→ Requirement: While you copy the lines below, skip the pictures and keep the rest exact.

→ Given material:
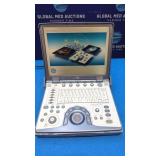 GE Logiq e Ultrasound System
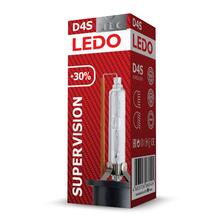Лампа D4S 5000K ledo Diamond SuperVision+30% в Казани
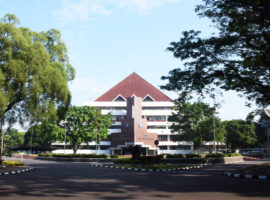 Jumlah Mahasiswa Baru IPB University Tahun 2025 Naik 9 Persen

→ Result of the task:
 GE Logiq e Ultrasound System
Лампа D4S 5000K ledo Diamond SuperVision+30% в Казани
 Jumlah Mahasiswa Baru IPB University Tahun 2025 Naik 9 Persen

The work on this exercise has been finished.